I found this out in the work I did for the Bosnians at the Owen Stoltenberg negotiations in Geneva at UN headquarters there.  The great powers of the world, the European Union, its member states, and the Clinton administration and the UN tried to rob the Bosnians of their UN membership in order to wipe them out.  I stopped that from happening.  It never happened.  And Bosnia is still there today.  It is a state.  It has its UN membership.  Obviously it’s in very difficult circumstances.  I’m doing the best I can to help them out.  But if the UN and the EU and the Americans had had their way, and of course Yugoslavia, all the Bosnians would have been wiped out.  The UN membership kept them alive.  And I recommend the same must be done for the Palestinians.

Dennis Bernstein: We are just about out of time, but I have to ask you this question.  Iran now is vowing revenge against the Israeli attack on its Consulate building in Syria, in Damascus.  Could you–what is the right, do these states have the right under international law, do the Palestinians have the right under international law to resist to strike back?  What’s the deal there?  Where does the law come in there?  The law of the world? 

Francis Boyle: All right.  Well, that’s got you’ve asked me to two questions there, Dennis.  First, on the attack on the Consulate.  I don’t know, you know, that was clearly illegal and violated the UN Charter, the territorial sovereignty of Syria.  It violated the Vienna Convention on Diplomatic Relations, the Vienna Convention on Consular Relations, and probably the UN New York Convention protecting diplomats.

The general press has reported that this is attacking Iranian soil, that is incorrect legally, and I’m not trying to justify what Israel did, but a state does not have sovereignty over its embassy complex.  This remained Syrian territory, not Iranian territory, but that territorial compound is supposed to have absolute immunity.  That’s what it means.

As for the Palestinians, and also, I would say, Hezbollah as well, you know, as you know, everyone’s saying they’re a terrorist organization, and this terrorist organization, and that.  Well, that isn’t the case.  Under international humanitarian law, and in particular, additional protocol one to the four Geneva Conventions of 1949, to which I think over 170 states are party to, Israel and the United States are not, but the definition of a national liberation organization is as follows: “Armed conflicts in which peoples are fighting against colonial domination and alien occupation and against racist regimes in the exercise of their right of self-determination.”  Well, that’s both Hamas and that is Hezbollah.

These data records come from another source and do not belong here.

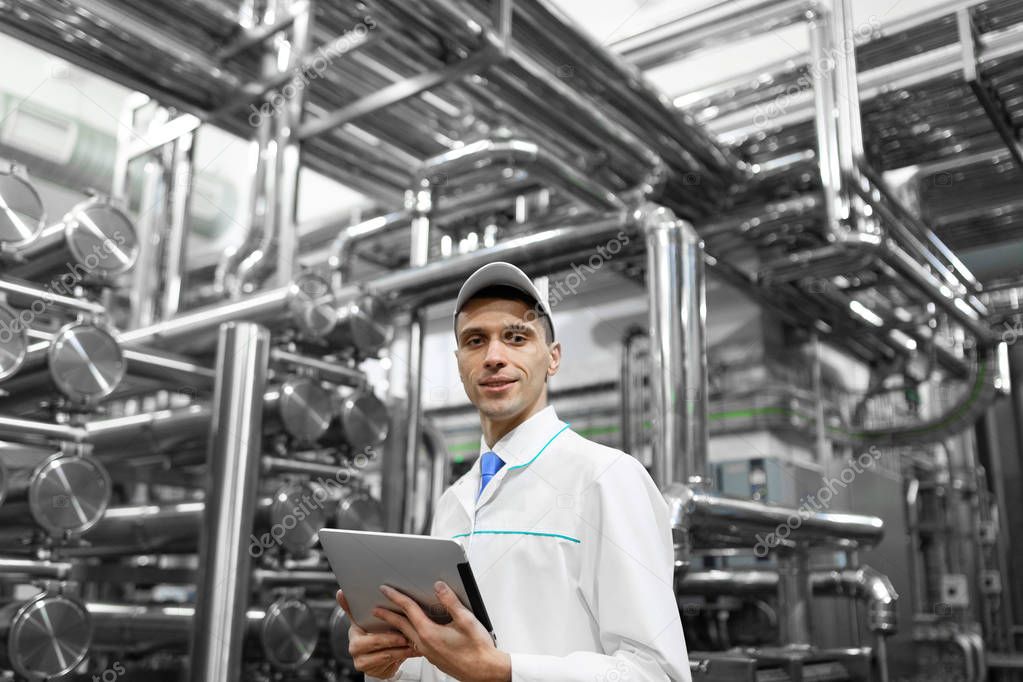 Portrait of man in a white robe and a cap standing in production department of dairy factory with grey tablet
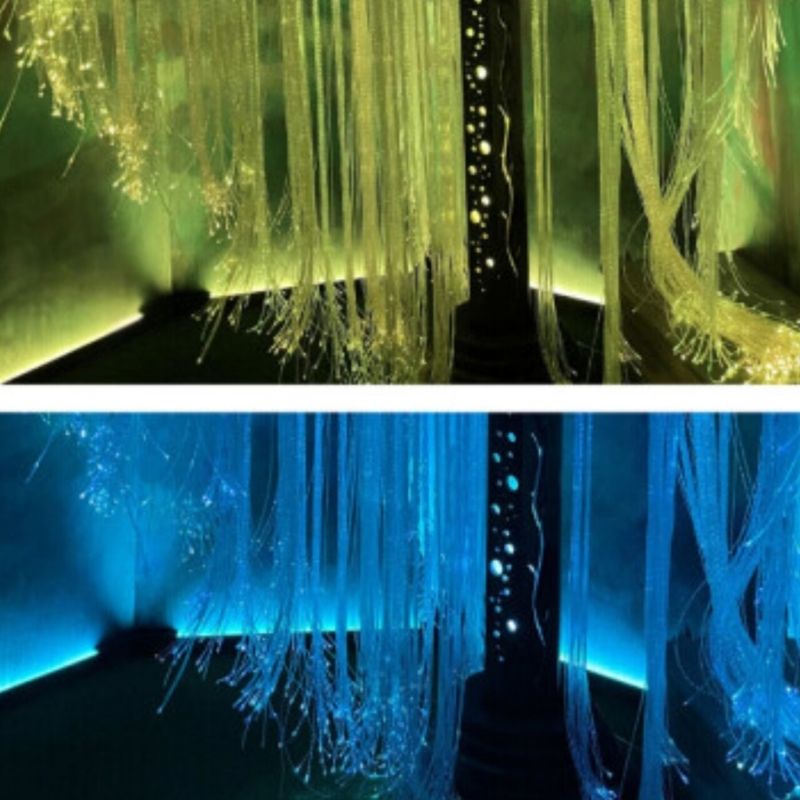 TFH Genie Colour Wash Kit displaying apple green and blue LED light strips, showing the expandable sensory room lighting system across a wall surface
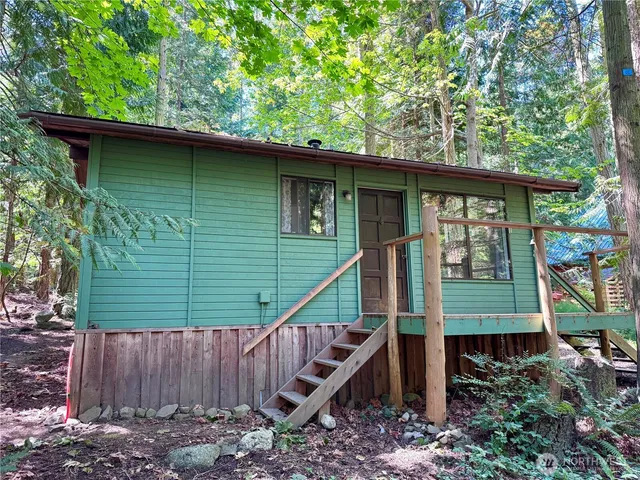 a green field with trees in front of it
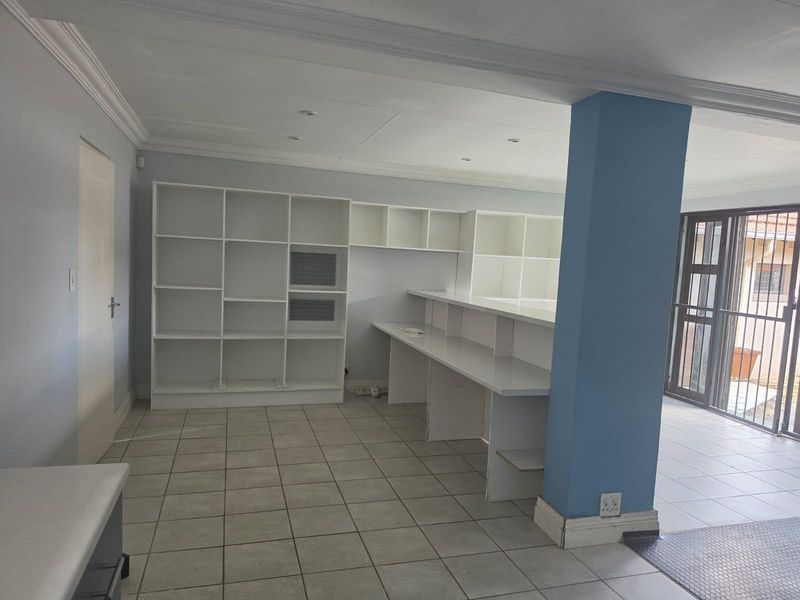 A bright, open-plan office space featuring built-in shelving, a long integrated desk, tiled flooring, and direct access to an outdoor area via a security gate.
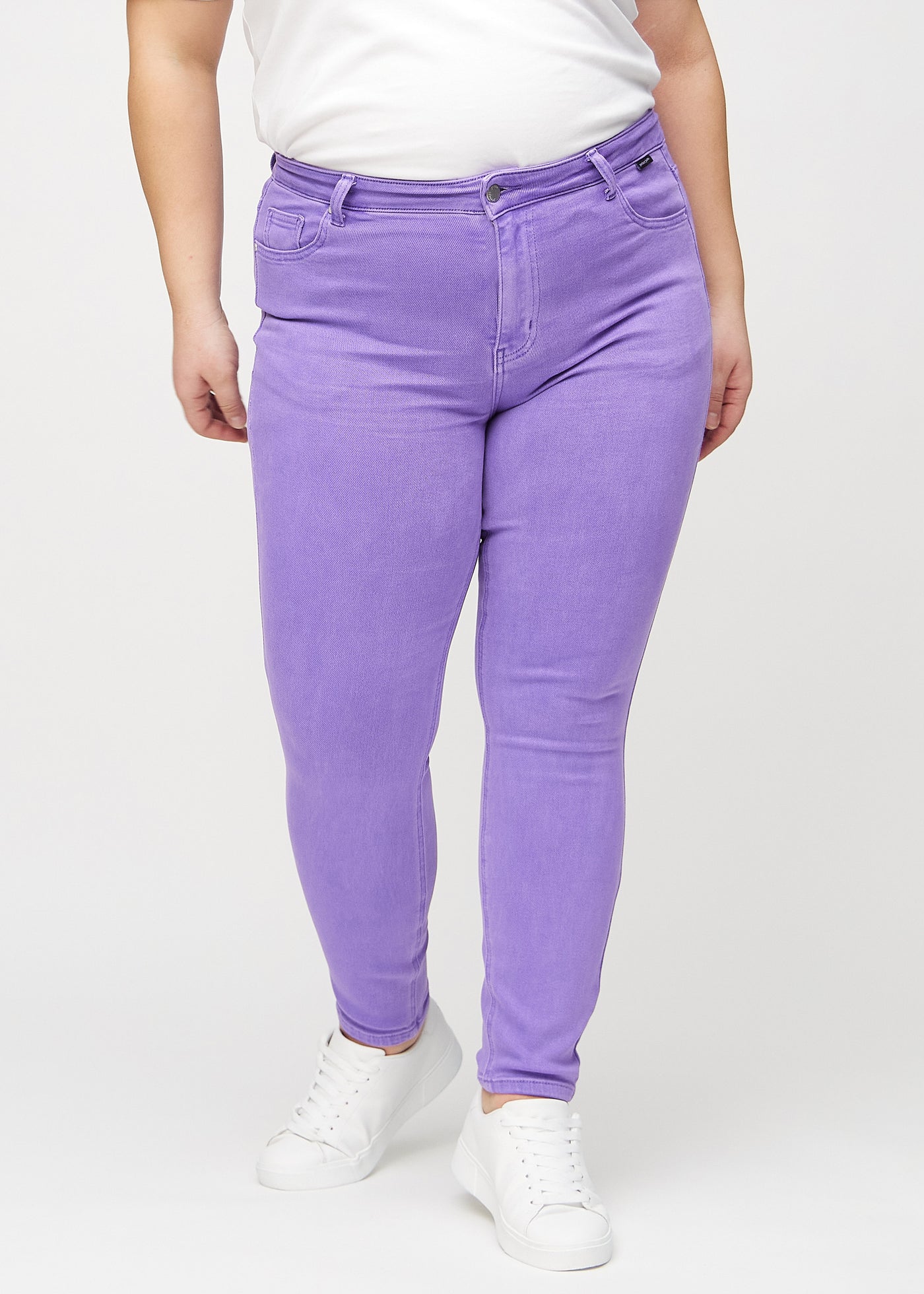 Lilla skinny jeans, modelnavn Lavenders, som sidder tæt til benet på en plus-size model, set forfra.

And under the UN General Assembly resolutions, national liberation movements like Hamas, like Hezbollah, have a right to seek and receive military support from other states in support of their national liberation activities.  So again, this is completely misrepresented, not surprisingly, by the mainstream news media here in the United States.  I’m not here to justify any attacks upon innocent civilians, but the categories of these two organizations as terrorists is not supported by international law, not supported by international humanitarian law.

Dennis Bernstein:  All right, we’re going to have to leave it right there.  Really, thank you again, Professor Francis Boyle, always generous with your time and the information and your experience is absolutely invaluable.   And we appreciate you.